Voilà bientôt deux ans que cela ne s'est pas produit. Malgré sa promesse de fédéralisme d'ouverture, Stephen Harper n'a jamais cherché à établir une certaine collégialité entre ses homologues et lui. Il s'en est tenu à des relations bilatérales, quand il acceptait d'avoir des tête-à-tête, ce que certains premiers ministres ont parfois eu de la difficulté à obtenir.
De mémoire récente, impossible de trouver un premier ministre aussi peu friand que Stephen Harper de ces rencontres au sommet avec ses homologues. Tous ses prédécesseurs s'y sont pliés, qu'ils aient apprécié le procédé ou non. Il est vrai que, pour Stephen Harper, l'ouverture consiste avant tout à se mêler autant que possible de ses affaires et à ne pas se mêler de celles des provinces. On ne s'en plaindra pas, bien au contraire, mais le Canada reste une fédération qui est plus qu'une collection de provinces isolées, surtout lorsqu'il est question d'économie.
Concertation et cohérence dans l'action restent une nécessité, surtout quand l'incertitude pointe à l'horizon, comme c'est le cas actuellement avec un dollar fort, un prix du pétrole en ascension, une économie américaine qui tangue.
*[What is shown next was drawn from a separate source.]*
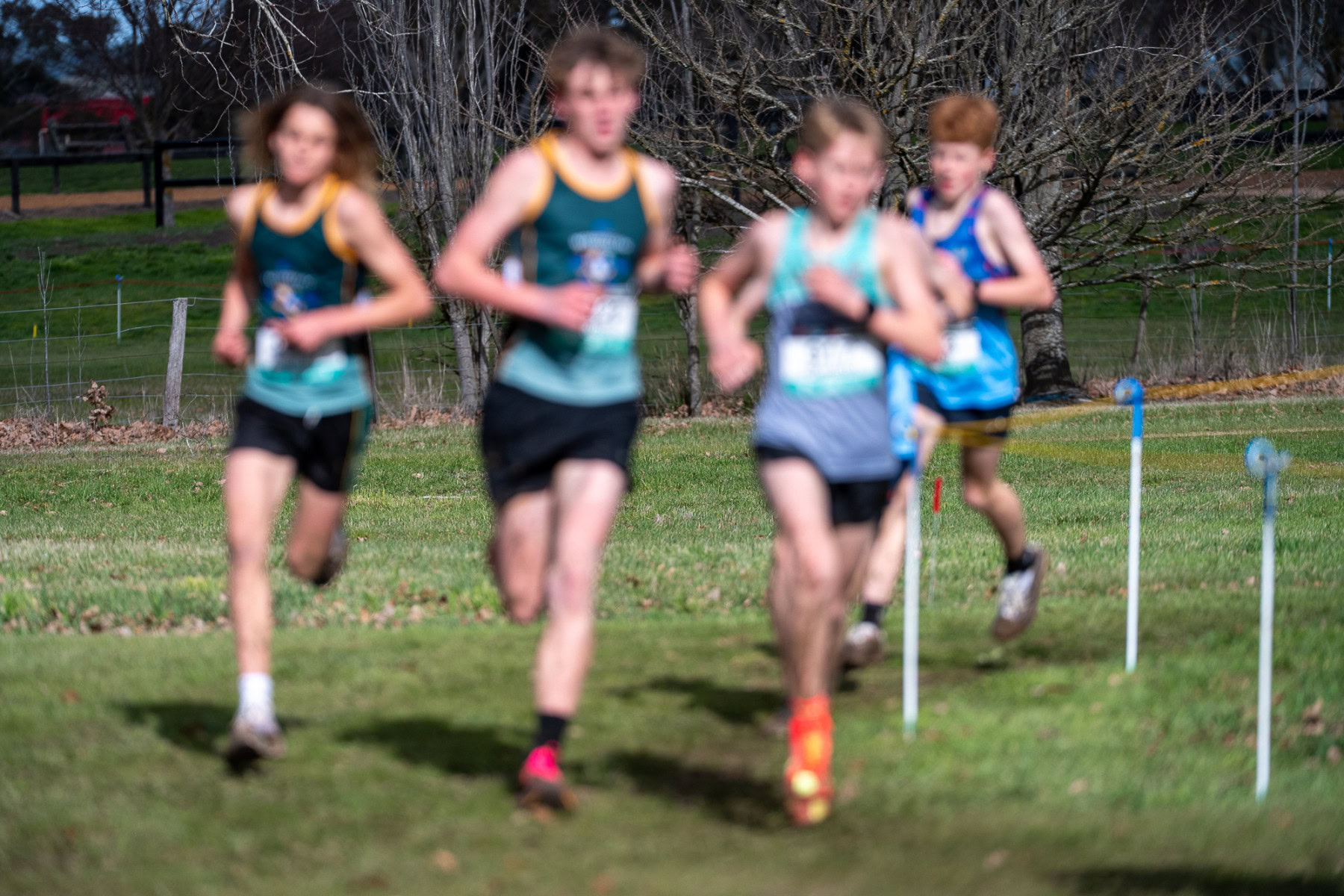 Australian-Cross-Country-Championships-2025-6938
Il est vrai que les provinces n'ont pas nécessairement les mêmes intérêts ni les mêmes problèmes. Le Québec et l'Ontario s'inquiètent de l'effet d'un dollar robuste sur le secteur manufacturier, où des dizaines de milliers d'emplois ont disparu mais où le prix des équipements achetés aux États-Unis a baissé. Les deux provinces souhaitent, comme le Manitoba, que le fédéral aide les entreprises à se moderniser en soutenant plus longtemps l'achat d'équipement. Les mesures fiscales à cet effet doivent prendre fin cette année.
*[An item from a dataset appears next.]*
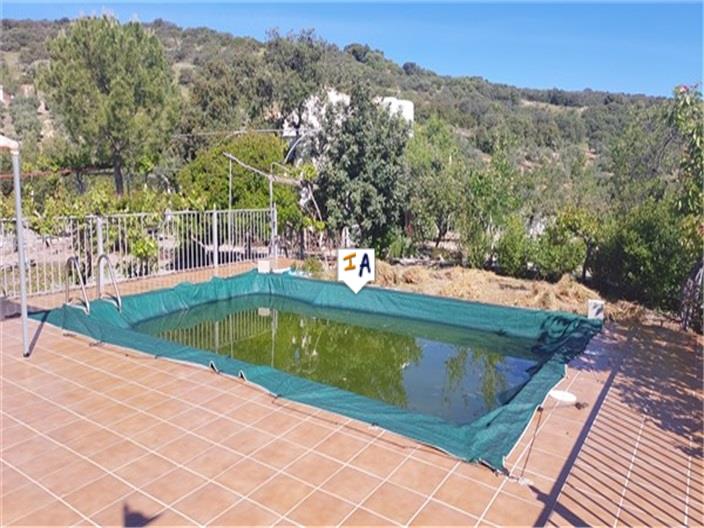 Image No.4-Ferme de 4 chambres à vendre à Ermita Nueva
Tous les exportateurs sont préoccupés, mais le secteur forestier est particulièrement touché par la flambée du dollar, lui qui vient de traverser la crise du bois d'oeuvre. Québec demande à Ottawa d'appuyer la formation et la transition vers la retraite des milliers de travailleurs licenciés. Quant au prix du pétrole, il affecte tout le monde tout en profitant à quelques provinces, c'est-à-dire celles qui en produisent.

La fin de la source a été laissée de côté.